Output filenames (`mask.png`, `metadata.json`, etc.) have sensible defaults and can be overridden in the `filenames:` block — see [`config.py`](src/clip_annotator/config.py) for the full list.
Survey questions are defined in `config/questions.yaml` (committed to the repo). Add, remove, or reorder sections and items — the UI rebuilds automatically. `key` is what gets saved in `metadata.json`; `default` selects the pre-checked option (omit or set to `null` to leave unselected).
`config/optical_flow_config.yaml` controls the **Auto Segment** button. When pressed, the tool computes a segmentation mask from the loaded frames and replaces the current mask (undoable). The segmentation combines two criteria:
- **Optical flow magnitude** — pixels where the temporal median of frame-to-frame flow (scaled by FPS) exceeds a fraction of the maximum are considered moving.
`config/clips.txt` lists bare clip filenames (not full paths) to annotate, one per line — the tool prepends `data_dir` automatically. Each entry must be the exact filename of the ZIP archive as it appears in `data_dir` (e.g. `clip_20230501T120000.zip`). Lines starting with `#` are ignored. Clips are processed in order; a clip is considered already-annotated when `<out_dir>/<clip_stem>/mask.png` exists and is skipped automatically. Pass `--no-skip` to include already-annotated clips. When the last clip is reached, a dialog appears and the app exits.
To distribute clips across multiple annotators, create one clips file per annotator (e.g. `config/annotator_A.txt`) listing their assigned clip filenames, then pass it via `--clips`:
Assigning non-overlapping clip lists lets each annotator work independently. Intentionally overlapping a subset of clips across annotators enables inter-annotator agreement checks.

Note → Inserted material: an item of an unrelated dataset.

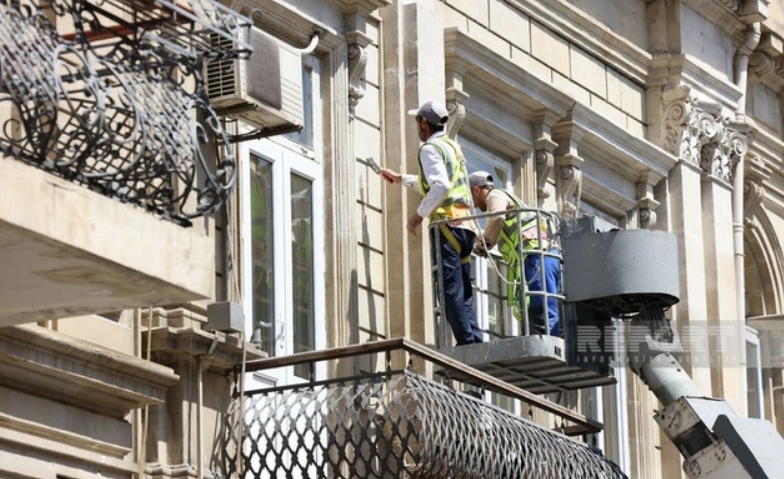 Bakı Abadlıq Xidməti bir sıra binaların rənglənməsi məsələsinə aydınlıq gətirib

The window is split into two panels: the **video canvas** on the left (~70% of the width) and the **survey panel** on the right. The video auto-plays as a looping preview. Drawing tools and mask controls are arranged above and beside the canvas; navigation buttons (**Previous / Next / Skip**) sit at the top.
| Optical flow first guess | **Auto Segment** — replaces the current mask with an automatic segmentation based on motion and brightness; undoable. Disabled when `enabled: false` in `config/optical_flow_config.yaml`. |
| Save and continue | **Next** — saves current clip and loads the next one. If the clip already has a saved annotation a dialog asks whether to replace it or keep the existing save. |
| Go back | **Previous** — saves current clip and returns to the previously viewed clip. Disabled on the first clip. |
| Skip without saving | **Skip** — discards any unsaved changes and loads the next clip without writing anything to disk. |
Each clip is a ZIP archive containing a video file. The video inside the archive must be named `left.mp4` by default; if your archives use a different internal name, set `filenames.video_in_zip` in `config.yaml`. The ZIP filename becomes the output folder name (e.g. `clip_20230501T120000.zip` → `<out_dir>/clip_20230501T120000/`).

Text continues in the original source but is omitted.